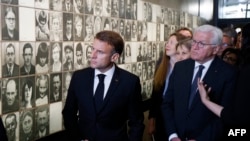 ပြင်သစ်သမ္မတ Macron (ဝဲ) နဲ့ ဂျာမန်သမ္မတ Frank-Walter Steinmeier တို့ နှစ် ၈၀ ပြည့် နော်မန်ဒီကမ်းတက်တိုက်ပွဲအခမ်းအနားပွဲကာလအတွင်း နာဇီဂျာမနီတို့က လူ ၆၄၃ ယောက်ကို အစုလိုက် သတ်ဖြတ်ခဲ့တဲ့ အ ထိမ်းအမှတ်ပြခန်းကိုသွားရောက်ကြည့်ရှုကြစဥ်။ (ဇွန် ၁၀၊ ၂၀၂၄)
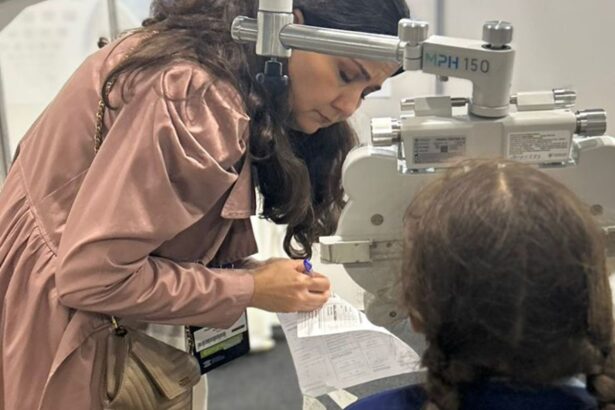 Médica aponta estratégias para atendimento oftalmológico de crianças com TEA
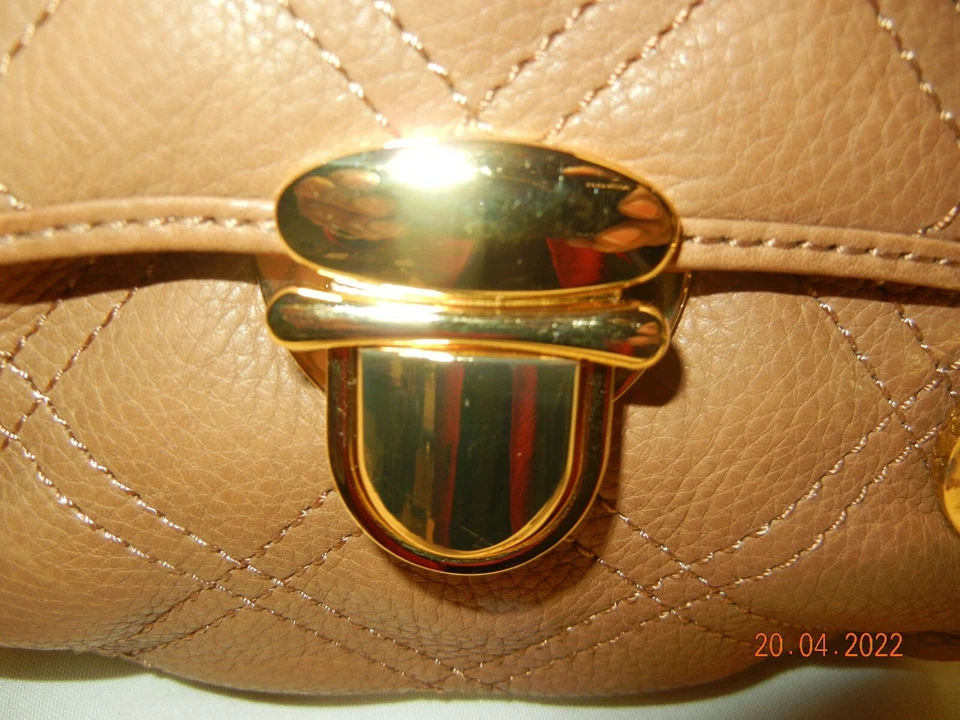 AUDREY BROOKE BANDOLERA BOLSO DE MANO CAMEL BRONCEADO PROFUNDO Foto 3 de 4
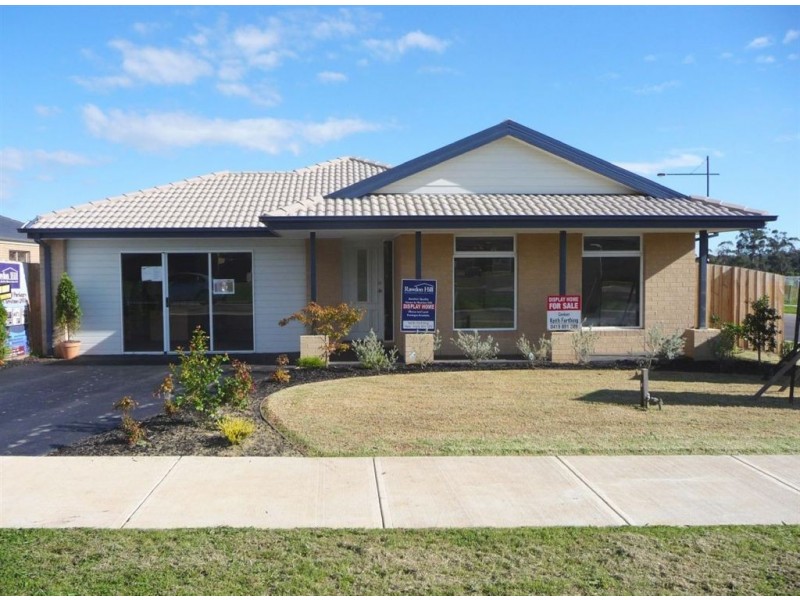 33 Chaucer Way, Drouin VIC 3818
----
- [EXERCISE REQUIREMENTS]: Write out an exact copy of the lines beginning at the line that contains "Médica aponta estratégias" and ending at the last line of the listing. Exclude pictures.

- [SOLUTION FOR THIS EXERCISE]:
 Médica aponta estratégias para atendimento oftalmológico de crianças com TEA
 AUDREY BROOKE BANDOLERA BOLSO DE MANO CAMEL BRONCEADO PROFUNDO Foto 3 de 4
 33 Chaucer Way, Drouin VIC 3818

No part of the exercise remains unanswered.